-- What is needed --
Extract, word for word, each line from the line holding "thumbnail image 6" through the end of the records. Omit every picture.
^^^^
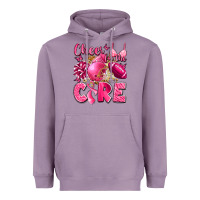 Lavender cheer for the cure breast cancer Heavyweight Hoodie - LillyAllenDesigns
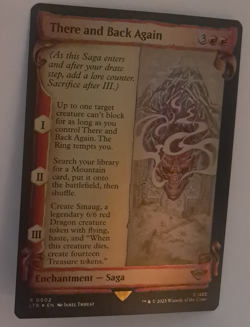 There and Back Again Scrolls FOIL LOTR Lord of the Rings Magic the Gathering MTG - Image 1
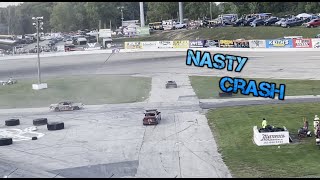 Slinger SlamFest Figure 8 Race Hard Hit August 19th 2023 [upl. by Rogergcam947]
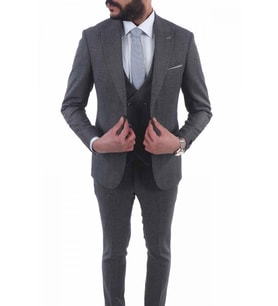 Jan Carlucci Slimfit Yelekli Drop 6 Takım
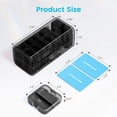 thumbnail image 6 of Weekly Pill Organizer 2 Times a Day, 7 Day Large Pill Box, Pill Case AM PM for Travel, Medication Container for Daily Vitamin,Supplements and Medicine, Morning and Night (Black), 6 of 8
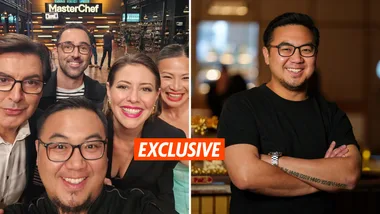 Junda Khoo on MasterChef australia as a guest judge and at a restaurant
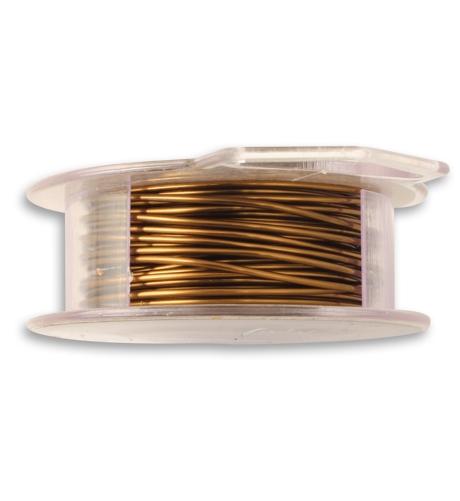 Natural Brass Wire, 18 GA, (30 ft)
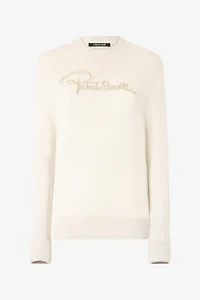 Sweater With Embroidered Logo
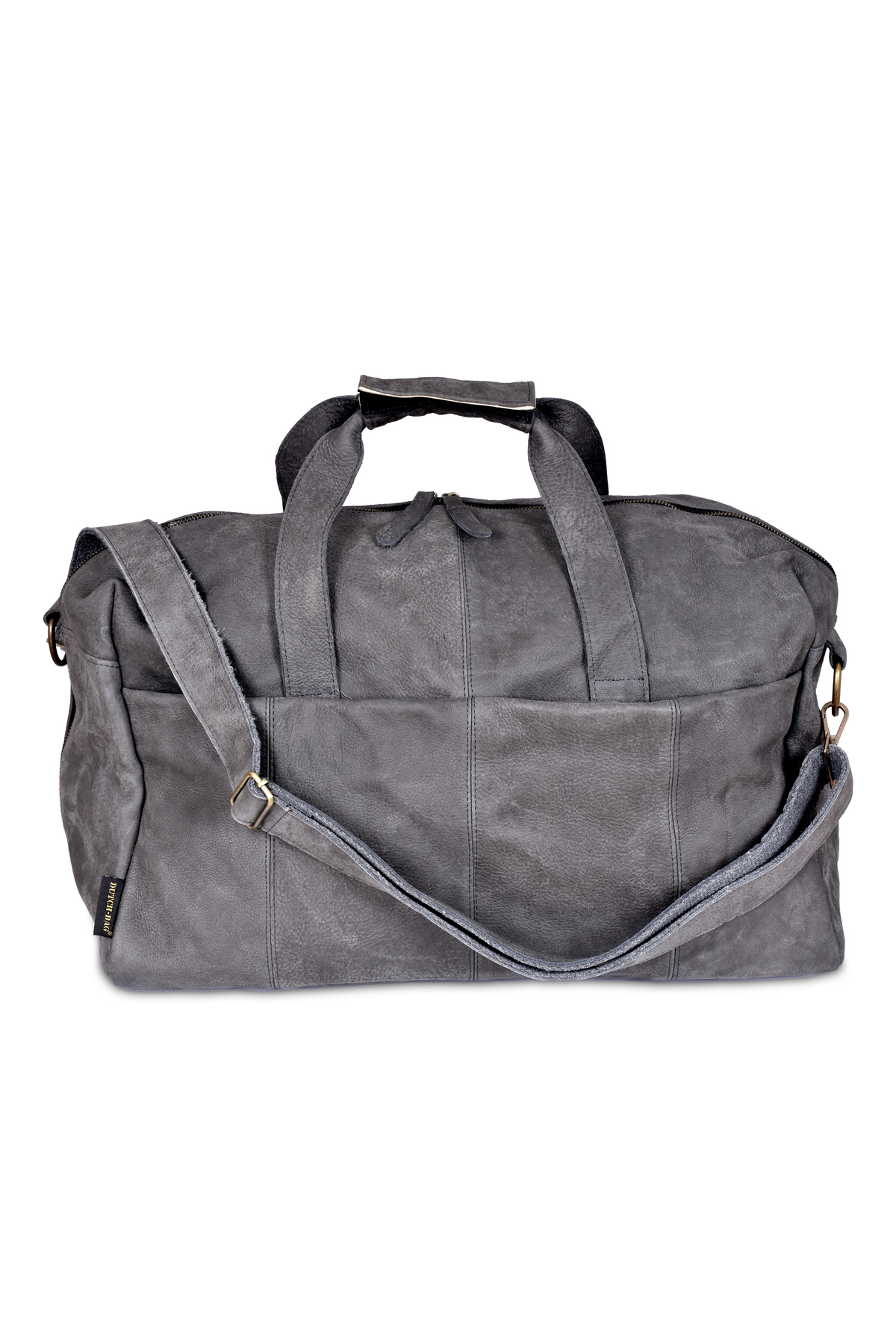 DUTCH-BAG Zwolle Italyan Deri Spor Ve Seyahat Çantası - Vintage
^^^^
-- Expected answer --
 thumbnail image 6 of Weekly Pill Organizer 2 Times a Day, 7 Day Large Pill Box, Pill Case AM PM for Travel, Medication Container for Daily Vitamin,Supplements and Medicine, Morning and Night (Black), 6 of 8
 Junda Khoo on MasterChef australia as a guest judge and at a restaurant
 Natural Brass Wire, 18 GA, (30 ft)
 Sweater With Embroidered Logo
 DUTCH-BAG Zwolle Italyan Deri Spor Ve Seyahat Çantası - Vintage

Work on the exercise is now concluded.